Stored entries:
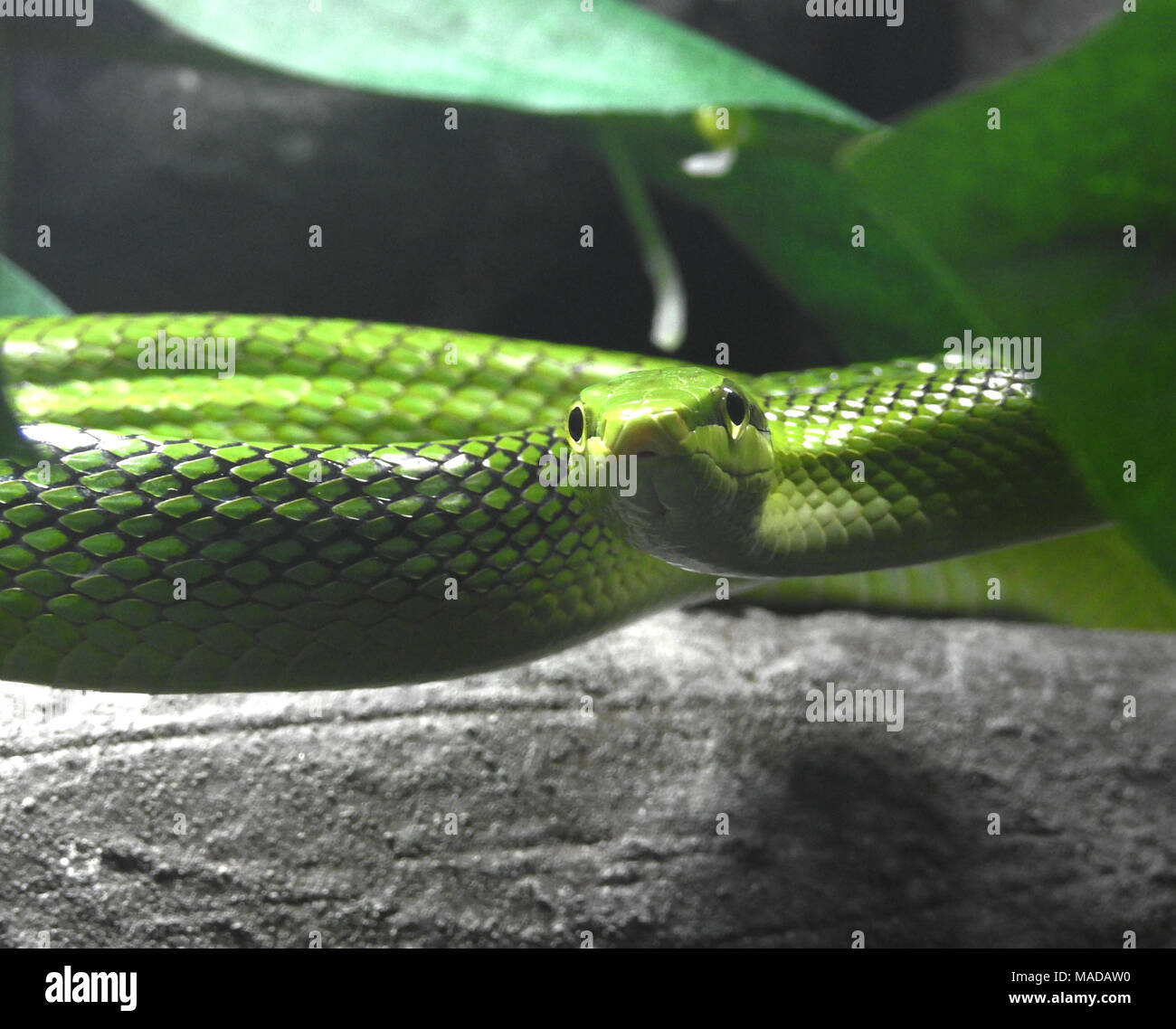 Serpente verde Foto Stock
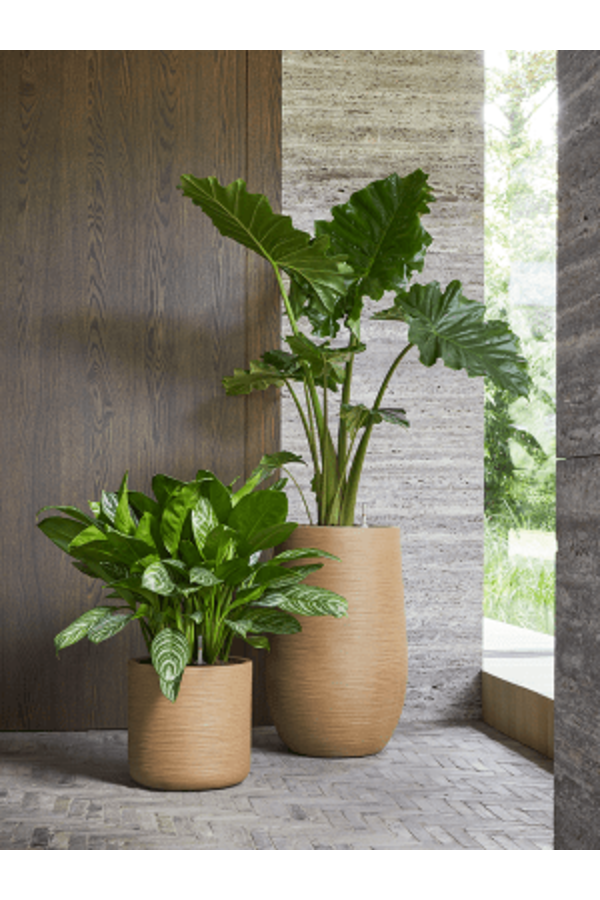 Baq Dune Partenaire Marron Beige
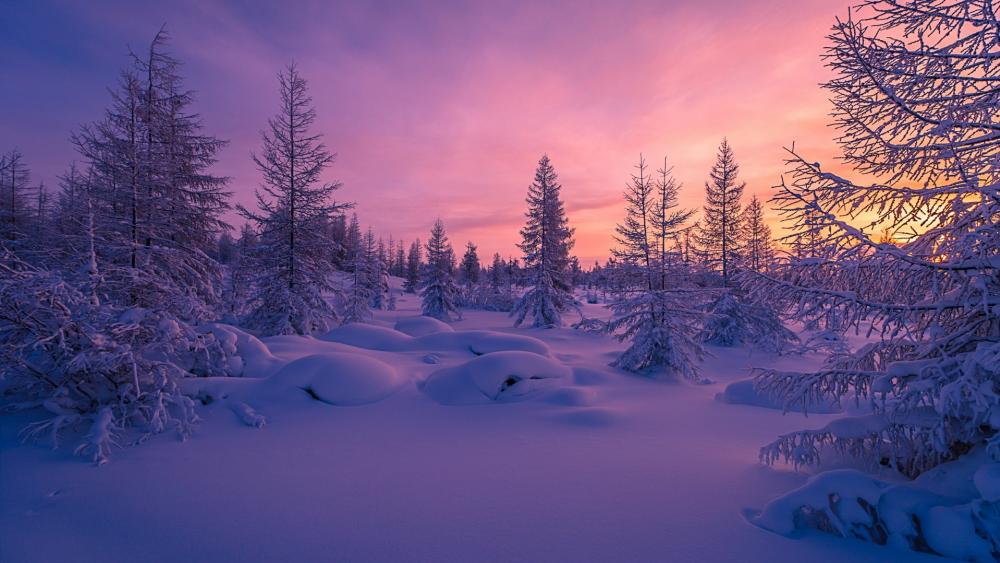 Snowy fir forest in the sunset wallpaper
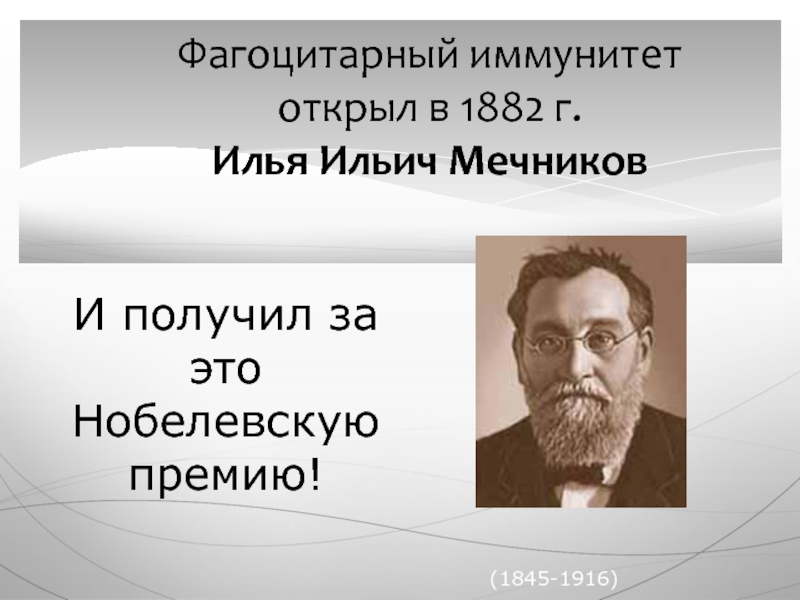 Мечников создал учение о фагоцитарном иммунитете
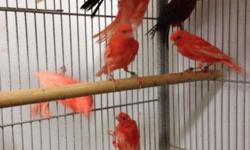 I have beautiful red factors and yellow canaries young males and females that already to go to a new home
Call for any info 718-501-8207
We also do Shipping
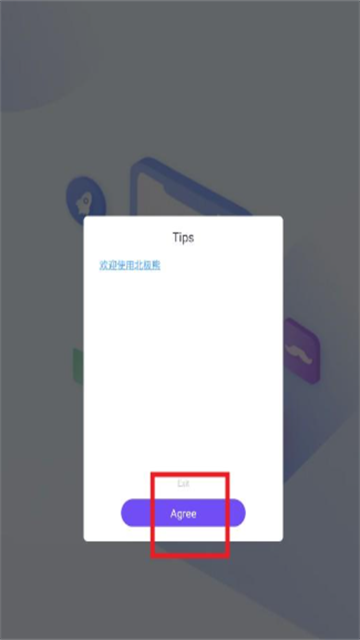 灰熊直装 (3)
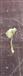  Stamen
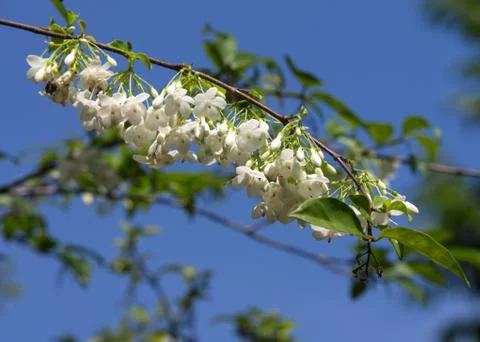 White flower on white background (wrightia religiosa benth. ) Stock Photos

= EXERCISE GOAL =
Copy every record character for character. Skip the pictures.

= RESULT OF THE TASK =
 Serpente verde Foto Stock
 Baq Dune Partenaire Marron Beige
 Snowy fir forest in the sunset wallpaper
 Мечников создал учение о фагоцитарном иммунитете
 I have beautiful red factors and yellow canaries young males and females that already to go to a new home
Call for any info 718-501-8207
We also do Shipping
 灰熊直装 (3)
  Stamen
 White flower on white background (wrightia religiosa benth. ) Stock Photos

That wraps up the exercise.